Parfaitement au fait des guerres idéologiques ambiantes, elle évoque son expérience récente : « Lorsque je siégeais au sein du Haut Conseil à l’intégration, j’ai pu constater à de nombreuses reprises à quel point la guerre opposant catholiques et anticléricaux est encore vivace. Les uns se battent pour enlever aux catholiques ce qu’il leur reste : crèche et sapin de Noël, jours fériés, et les catholiques pratiquants, tout à leur défiance envers la République n’hésitent pas à défiler aux côtés des Frères musulmans lors de manifestations contre les réformes sociétales.

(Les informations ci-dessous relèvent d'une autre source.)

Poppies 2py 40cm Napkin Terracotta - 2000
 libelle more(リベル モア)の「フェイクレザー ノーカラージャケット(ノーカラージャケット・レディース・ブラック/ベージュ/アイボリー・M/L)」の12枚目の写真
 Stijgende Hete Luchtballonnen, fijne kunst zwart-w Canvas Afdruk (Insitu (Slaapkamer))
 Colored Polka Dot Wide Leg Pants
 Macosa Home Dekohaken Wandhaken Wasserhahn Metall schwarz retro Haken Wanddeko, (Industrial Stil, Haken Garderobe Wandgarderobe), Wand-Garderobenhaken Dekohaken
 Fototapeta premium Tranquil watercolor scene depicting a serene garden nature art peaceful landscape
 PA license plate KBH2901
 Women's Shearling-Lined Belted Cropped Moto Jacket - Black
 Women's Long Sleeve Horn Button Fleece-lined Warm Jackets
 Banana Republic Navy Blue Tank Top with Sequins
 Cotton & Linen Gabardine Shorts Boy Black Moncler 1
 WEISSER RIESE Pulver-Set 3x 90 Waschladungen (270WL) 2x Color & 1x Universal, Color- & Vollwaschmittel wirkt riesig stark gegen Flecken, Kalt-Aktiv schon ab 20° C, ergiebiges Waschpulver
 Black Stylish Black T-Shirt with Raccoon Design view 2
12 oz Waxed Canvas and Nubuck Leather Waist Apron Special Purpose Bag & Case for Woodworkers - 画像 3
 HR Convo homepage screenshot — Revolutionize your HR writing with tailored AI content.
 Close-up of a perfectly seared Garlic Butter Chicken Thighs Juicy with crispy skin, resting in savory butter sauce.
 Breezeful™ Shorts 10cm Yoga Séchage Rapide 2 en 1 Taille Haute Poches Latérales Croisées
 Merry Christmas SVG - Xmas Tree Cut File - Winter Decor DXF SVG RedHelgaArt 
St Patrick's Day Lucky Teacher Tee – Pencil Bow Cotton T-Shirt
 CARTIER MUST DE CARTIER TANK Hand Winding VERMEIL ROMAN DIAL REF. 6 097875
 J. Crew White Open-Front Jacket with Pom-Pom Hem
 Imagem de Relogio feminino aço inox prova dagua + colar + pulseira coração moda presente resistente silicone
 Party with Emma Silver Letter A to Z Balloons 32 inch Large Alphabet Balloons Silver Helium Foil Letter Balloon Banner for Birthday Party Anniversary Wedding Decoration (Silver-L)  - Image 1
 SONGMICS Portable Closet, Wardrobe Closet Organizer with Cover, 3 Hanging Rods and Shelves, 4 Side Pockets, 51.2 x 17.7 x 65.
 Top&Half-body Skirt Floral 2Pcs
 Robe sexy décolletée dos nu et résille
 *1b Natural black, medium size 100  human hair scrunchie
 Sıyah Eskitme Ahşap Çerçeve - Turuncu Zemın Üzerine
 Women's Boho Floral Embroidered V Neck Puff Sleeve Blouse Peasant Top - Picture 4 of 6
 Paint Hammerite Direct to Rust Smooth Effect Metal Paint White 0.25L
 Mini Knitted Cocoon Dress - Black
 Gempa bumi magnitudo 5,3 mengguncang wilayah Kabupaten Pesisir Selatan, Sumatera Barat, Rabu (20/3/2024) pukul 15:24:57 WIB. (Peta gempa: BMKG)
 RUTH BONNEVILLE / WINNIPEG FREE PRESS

Dans tous les cas, c’est la France qui se retrouve prise en otage. »

Notre intellectuelle, laïque, d’origine algérienne, mariée à un catholique fustige l’immigration incontrôlée que les gouvernements français successifs cautionnent sans sourciller : « Comment un pays qui peine à oublier « les pages sombres de son histoire », pour reprendre l’expression d’Ernest Renan, et qui aujourd’hui encore abrite des Basques, des Bretons, des Corses, des Alsaciens, dont la volonté de se démarquer reste à fleur de peau, a-t-il pu se croire capable d’assimiler des millions de personnes arrivant d’anciens pays colonisés ? Qui ont des racines culturelles et des pratiques sociales parfois antinomiques avec celles de la France ? Face à cette réalité, comment ne pas admettre que la conjugaison des identités est extrêmement aléatoire ? Il y a dans le refus obsessionnel de débattre de ces questions quelque chose qui, pour moi, dépasse l’entendement. » ; « D’où la persistance d’une défiance mutuelle entre les Etats membres de l’UE, d’où l’extrême difficulté de l’Europe à se forger une communauté de destin, laquelle est pourtant un impératif de survie dans un monde globalisé. Et ce sont ces mêmes nations qui se sont lancées à corps perdu dans l’accueil massif de flux migratoires arrivant de contrées avec lesquelles ils n’ont quasiment rien en commun du point de vue historique et culturel ! Cela aussi dépasse l’entendement. » ; Nous avons tous, Français de souche ou immigrés, été dupés par le manque de lucidité, de courage, de nos dirigeants. Nous sommes les dindons d’une farce qui, hélas, pourrait s’achever en tragédie. »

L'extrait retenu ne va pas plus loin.